The guru model works its spell on an immature mind not a seasoned
one. Yes, we will still follow gurus, teachers, prophets, masters
long into the future (it is an epigenetic predisposition), but
hopefully with one important caveat: the gurus are NOT perfect. We
finally realized that lesson during the Protestant Reformation
(remember the Pope is not infallible!) when it came to Christianity
and guessed what blossomed because of it? SCIENCE.

Now the guru world must undergo its purge, its protest movement, its
Lutheran revelations. And when the dust settles, mysticism can be
divorced from myth, masters acknowledged as mortal, and enlightenment
understood as progressive (not permanent) insight. Until that is done
we live in a truly CON-fused time, where rationality flirts with
silliness and sincere devotion with gross gullibility. The Guru is
DEAD. And, to echo Nietzsche, we have killed him. We killed him by
taking his turban off, by shaving his beard, by seeing him naked. And
what did we find? Ourselves.

The guru is a poser and, as along as we make pretenses about who and
what we are, we will hide behind these projected "masks," these
guises in which we cloak our weaknesses and our fears. The guru is
dead and we killed him.

But fear not, we will invent another guru in his absence, just as
Voltaire warned that man would invent religion even if none existed.
Why? Because we have to. We cannot stand the silence of our own being
when confronted with the silence of the universe screaming back at
us.

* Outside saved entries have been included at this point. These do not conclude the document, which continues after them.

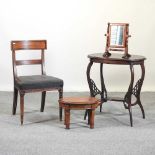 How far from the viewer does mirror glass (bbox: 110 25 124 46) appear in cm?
393

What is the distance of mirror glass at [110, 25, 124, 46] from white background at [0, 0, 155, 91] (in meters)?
1.41

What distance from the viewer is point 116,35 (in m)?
3.95

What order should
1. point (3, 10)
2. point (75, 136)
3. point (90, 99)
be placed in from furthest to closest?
point (3, 10) → point (90, 99) → point (75, 136)

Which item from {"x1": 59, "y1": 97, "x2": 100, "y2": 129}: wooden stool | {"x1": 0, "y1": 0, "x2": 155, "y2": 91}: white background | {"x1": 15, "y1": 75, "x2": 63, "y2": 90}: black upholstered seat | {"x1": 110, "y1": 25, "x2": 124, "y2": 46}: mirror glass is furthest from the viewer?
{"x1": 0, "y1": 0, "x2": 155, "y2": 91}: white background

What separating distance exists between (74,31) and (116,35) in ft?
4.95

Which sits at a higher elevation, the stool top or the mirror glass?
the mirror glass

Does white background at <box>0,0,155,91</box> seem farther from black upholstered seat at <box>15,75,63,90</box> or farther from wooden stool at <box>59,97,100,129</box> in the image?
wooden stool at <box>59,97,100,129</box>

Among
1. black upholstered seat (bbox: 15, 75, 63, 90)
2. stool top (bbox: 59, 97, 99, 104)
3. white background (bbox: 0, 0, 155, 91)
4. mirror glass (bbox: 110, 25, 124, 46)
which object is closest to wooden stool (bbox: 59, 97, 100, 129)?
stool top (bbox: 59, 97, 99, 104)

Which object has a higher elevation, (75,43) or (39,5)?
(39,5)

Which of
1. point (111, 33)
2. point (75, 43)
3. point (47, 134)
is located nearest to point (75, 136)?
point (47, 134)

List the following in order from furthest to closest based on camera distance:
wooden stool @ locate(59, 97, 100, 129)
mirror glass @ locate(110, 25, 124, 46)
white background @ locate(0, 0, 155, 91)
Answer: white background @ locate(0, 0, 155, 91), mirror glass @ locate(110, 25, 124, 46), wooden stool @ locate(59, 97, 100, 129)

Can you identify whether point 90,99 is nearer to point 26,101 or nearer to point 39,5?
point 26,101

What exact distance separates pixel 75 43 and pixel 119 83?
0.91 meters

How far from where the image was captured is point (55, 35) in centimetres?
535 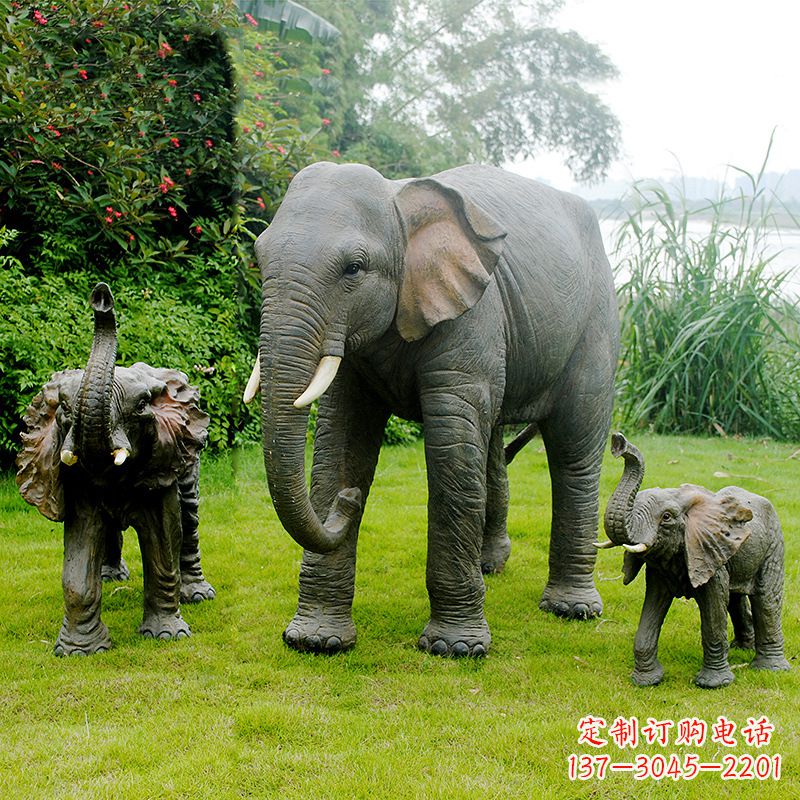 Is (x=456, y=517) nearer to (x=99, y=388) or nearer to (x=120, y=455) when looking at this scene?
(x=120, y=455)

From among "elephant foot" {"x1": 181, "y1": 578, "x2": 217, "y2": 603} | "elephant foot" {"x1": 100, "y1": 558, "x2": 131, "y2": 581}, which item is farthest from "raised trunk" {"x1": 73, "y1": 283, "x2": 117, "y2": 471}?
"elephant foot" {"x1": 100, "y1": 558, "x2": 131, "y2": 581}

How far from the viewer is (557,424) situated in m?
5.65

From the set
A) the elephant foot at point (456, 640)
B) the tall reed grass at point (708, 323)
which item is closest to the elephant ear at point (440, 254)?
the elephant foot at point (456, 640)

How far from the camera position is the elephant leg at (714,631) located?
14.5ft

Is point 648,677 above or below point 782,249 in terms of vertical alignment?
below

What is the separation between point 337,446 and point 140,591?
166 cm

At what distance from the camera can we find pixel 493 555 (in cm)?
655

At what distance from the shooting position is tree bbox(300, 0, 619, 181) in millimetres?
17469

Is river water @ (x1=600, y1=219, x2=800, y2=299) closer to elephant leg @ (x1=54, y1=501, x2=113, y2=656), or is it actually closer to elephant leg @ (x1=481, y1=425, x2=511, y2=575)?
elephant leg @ (x1=481, y1=425, x2=511, y2=575)

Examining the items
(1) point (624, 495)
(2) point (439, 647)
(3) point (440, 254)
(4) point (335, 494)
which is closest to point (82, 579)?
(4) point (335, 494)

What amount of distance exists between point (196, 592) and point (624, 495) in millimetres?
2727

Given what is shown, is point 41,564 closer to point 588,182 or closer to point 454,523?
point 454,523

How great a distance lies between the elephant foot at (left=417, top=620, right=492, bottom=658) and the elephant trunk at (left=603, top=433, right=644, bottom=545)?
1.13 meters

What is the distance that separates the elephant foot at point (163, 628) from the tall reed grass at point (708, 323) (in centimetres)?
756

Lonely creatures looking for a way out, for a meaning, for a
purpose, for a father.... And the guru is merely us projecting all
that we wish and desire upon another. God forbid we do cast such
projetiles upon our own being. We couldn't withstand the intensity;
we couldn't withstand the responsibility.

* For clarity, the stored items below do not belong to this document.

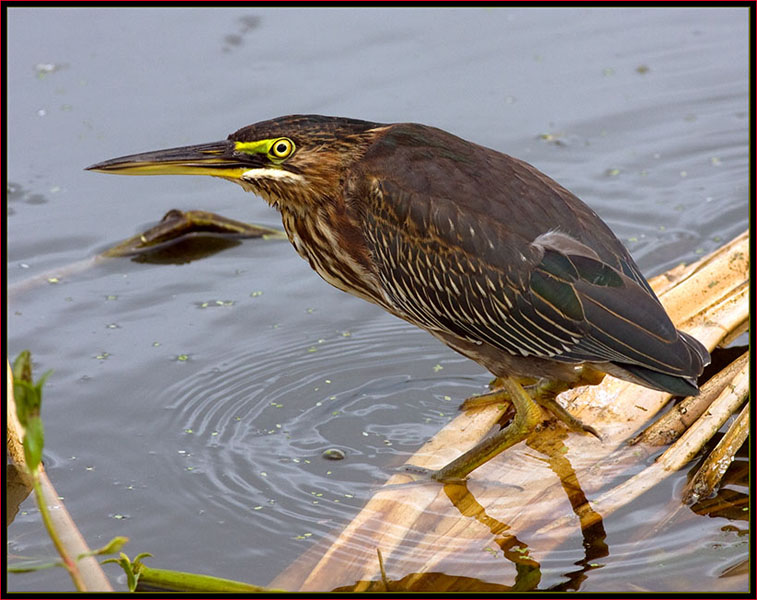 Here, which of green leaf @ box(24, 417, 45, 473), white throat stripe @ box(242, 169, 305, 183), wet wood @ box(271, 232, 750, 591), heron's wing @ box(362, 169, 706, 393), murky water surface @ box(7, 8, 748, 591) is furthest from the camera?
white throat stripe @ box(242, 169, 305, 183)

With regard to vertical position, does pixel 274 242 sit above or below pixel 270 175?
below

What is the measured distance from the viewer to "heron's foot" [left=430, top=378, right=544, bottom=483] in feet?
16.2

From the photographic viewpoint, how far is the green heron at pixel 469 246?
4723 mm

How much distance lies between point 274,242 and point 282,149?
7.31ft

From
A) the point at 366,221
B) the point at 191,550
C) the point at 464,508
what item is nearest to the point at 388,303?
the point at 366,221

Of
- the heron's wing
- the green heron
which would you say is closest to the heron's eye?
the green heron

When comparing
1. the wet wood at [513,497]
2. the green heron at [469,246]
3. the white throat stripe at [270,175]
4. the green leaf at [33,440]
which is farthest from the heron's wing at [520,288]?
the green leaf at [33,440]

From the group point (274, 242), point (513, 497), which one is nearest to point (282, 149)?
point (513, 497)

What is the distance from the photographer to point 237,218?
7.38 meters

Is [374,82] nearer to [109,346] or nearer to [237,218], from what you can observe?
[237,218]

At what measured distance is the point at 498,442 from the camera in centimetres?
494

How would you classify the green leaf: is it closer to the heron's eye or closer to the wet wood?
the wet wood

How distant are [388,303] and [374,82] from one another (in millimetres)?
3461

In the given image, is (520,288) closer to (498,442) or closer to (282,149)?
(498,442)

But what we couldn't withstand the most would be our severe
disappointment. Because no matter what, our "image" would be less
than our "reality." Far easier to shatter the image of another than
to shatter the image of ourselves. And in pieces and in ruins we will
find our fallen gurus and like shattered shards from a reflecting
glass we will once again see our own face, our own psyche, our own
soul. And in those broken pieces the abyss awaits us--infinite,
eternal, unknowing.

The guru is a temporary fix, but based upon an eternal need. For that
reason, dead gurus don't decompose. They resurrect in new forms: from
Zorasterianism to Judaism to Christianity to Mormonism to Scientology
to Eckankar to Radhasoami.

The killer of the guru kills his idealized self and along with it any
hopes of a dreamy paradise. There is only one solution to all of this
yin and yang dread, but the honest guru (oxymoron alert) is rare. How
many gurus would commit the image suicide that is necessary to
liberate the disciple from his "idea fixe"?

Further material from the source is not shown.